Thank you allwillbe. I have gone down that route before. Told him what I like. But I AM guilty of saying..I don't like that..don't do that,etc. I need to try doing more of the other stuff. 
Sometimes I feel like I have to do all the work though. Or otherwise we would be in a sexless marriage like you described.


----------



## LittleBird (Jan 12, 2013)

cindylou said:


> Or is it not even considered foreplay if it's the same dang thing every time. We've been married 20 yrs. Hubby will get in to bed..and roll on his side towards me... put his hand on my leg. Apparently that is suppose to just make me hot and horney. He then procedes to just go for the boobs..and grope..then down below.. No kissing..not talking...nothing..
> Same EVERY single time. I've told him this Over and over, that it doesn't turn me on. He still does it. what do I do??


Stop responding.

You tell him you don't like it but then you respond, so his horny, horny brain takes that to mean it's OK. 

Turn him down and he'll learn to step up fast.


----------



## LittleBird (Jan 12, 2013)

WorkingOnMe said:


> You said you told him what you didn't want. That's different than telling him what really turns you on.
> 
> And then the truth comes out. You don't like sex anyway. So why should he bother anyway?


You're jumping to unfair conclusions. Give the OP a break, she's having sex with someone who has no idea how to turn her on.


----------



## WorkingOnMe (Mar 17, 2012)

Unfair conclusions? I posted that 12 minutes after she said she could care less about sex. Lol


----------



## yellowledbet (Sep 5, 2012)

cindylou said:


> He doesn't HAVE to read my mind..I've TOLD him...??!
> Honestly, I could care less about sex..esp boring same old sex..so if HE wants it..he's gonna have to change.


Grab his hand or head or penis and show him what you like.


----------



## john_lord_b3 (Jan 11, 2013)

allwillbewell said:


> .. BTW, 20 months after DDay and we are recreating our marriage, rebuilding the bonds that were destroyed by neglect, resentment and affair. *The sex is better than it ever was because we are both trying to please each other first, ourselves second*. Still lots of hurt and triggers for me but gets better everyday and the sex is a big part of it...Good Luck from someone who has been there...


Wow! :smthumbup: Mazel tov! Salamat! congratulations!

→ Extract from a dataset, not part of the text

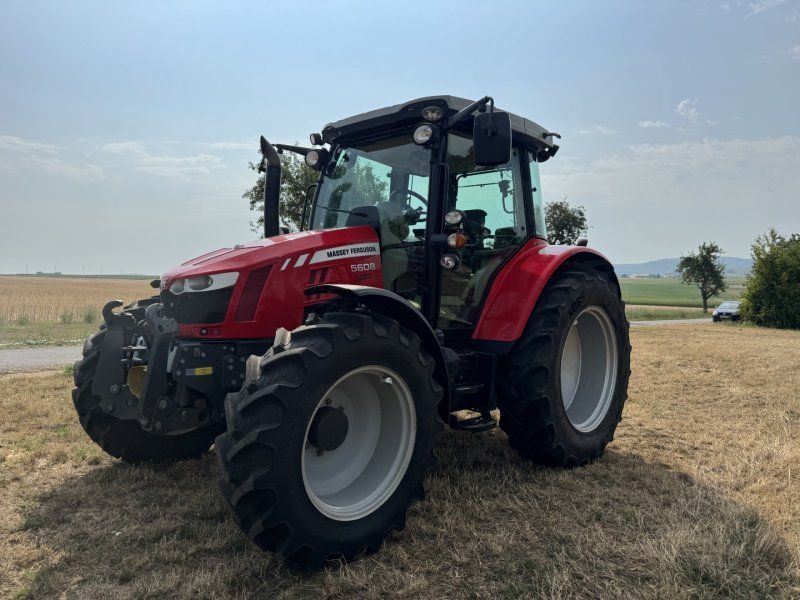 Massey Ferguson 5608 Dyna 4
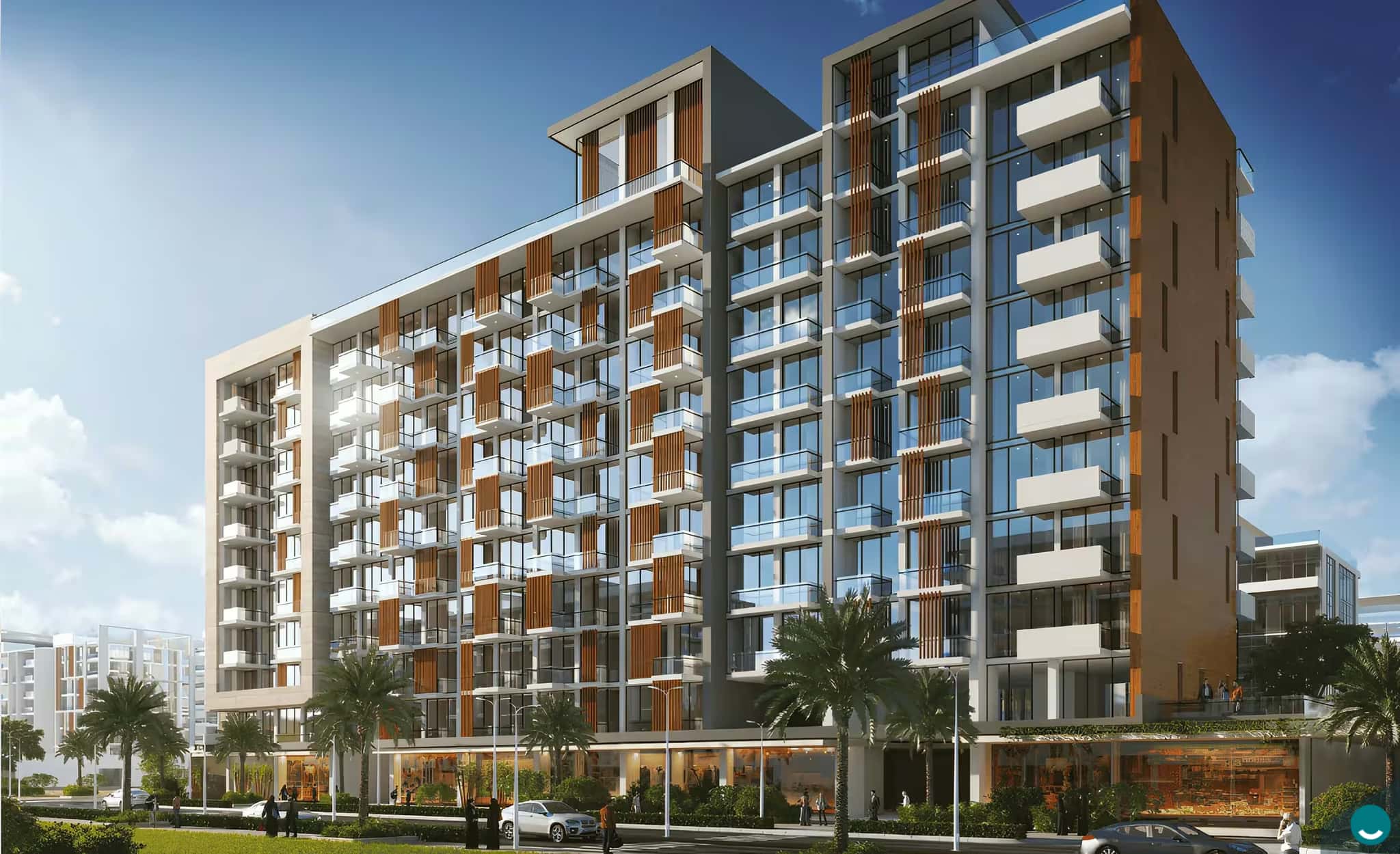 Azizi Riviera 38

I wish all couples could have your maturity and understanding!


----------



## RandomDude (Dec 18, 2010)

Sheez, he either has NO imagination, or that he's bored as well/lazy to do as required. Was he always like this?

Did he do sex education in high school? If not he might want to look up something that deals with how a woman's body actually works.


----------



## goodwife4 (Jan 7, 2013)

pretty much sounds like he's related to my hubby from some years back..
you have to tell them, over and over again what you want . some men are a bit slow and lazy too..... my hubby eventually got the hint and we had a great sex life......... but then he had EA ?
.....
anyway we're working on it and slowly re discovering ourselves..... i look forward to great sex again.


----------



## john_lord_b3 (Jan 11, 2013)

goodwife4 said:


> pretty much sounds like he's related to my hubby from some years back..
> you have to tell them, over and over again what you want . some men are a bit slow and lazy too..... my hubby eventually got the hint and we had a great sex life......... but then he had EA ?
> .....
> anyway we're working on it and slowly re discovering ourselves..... i look forward to great sex again.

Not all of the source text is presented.